Tag Archives: classics

A Few Classics That Are Not Hard to Read

Classics are usually heavy reading. Even if they’re short, the language is unfamiliar enough that they take a long time to get through. But every once in a while you find one that surprises you, and here are three that surprised me.

Note: I’m not including any classics described as ‘children’s literature’ in this list.

'Around the World in Eighty Days' by Neuville and Benett 22
Around the World in Eighty Days, by Jules Verne

I just really enjoyed the very punctual and methodical Phileas Fogg racing around the world with his comic French servant, Passepartout. They get into preposterous adventures of all sorts, some of which strain believability but are incredibly fun to read. It gives a wonderful picture of travel before airplanes were invented, with railroads and steamboats. Verne is known as a science fiction author, but this was a contemporary novel for him—and so for us it’s a nice view in on the past. Also, I loved the sudden revelation of Fogg’s tender side in the end.

As a side note, Jules Verne’s novels have historically received poor English translations, which led him to have a higher reputation in his native France than in the English-speaking world.

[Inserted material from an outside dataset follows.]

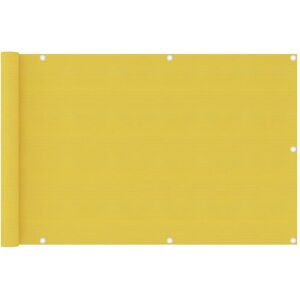 vidaXL Toldo para balcón HDPE amarillo 90x400 cm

This is the only sample of his work I’ve read, but I quite enjoyed him. In addition, I’ve noticed publishers give this novel nonsensical cover pages – one edition had a hot air balloon, but hot air balloons failed to appear in the story. Another recent edition has a daredevil racing in an old-fashioned car, but this does not happen in the novel either.

A Christmas Carol, by Charles Dickens

This remains the only Dickens novel I’ve read cover to cover. It’s short, so Dickens’ verbosity won’t put you off. The plot is easy enough to follow. I actually read it because I knew nothing about the plot and wanted to find out what this Christmas carol business everyone always went on about at Christmastime was all about, but I’ve reread it since without boredom. I’ve heard complaints about the opening paragraphs, where Dickens goes on about different types of nails and why the doornail should not be considered the ‘deadest’ type of nail out there, but personally I found it humorous. If you find it tedious, it’s a short novel, so it’s soon over and the rest of the plot begins!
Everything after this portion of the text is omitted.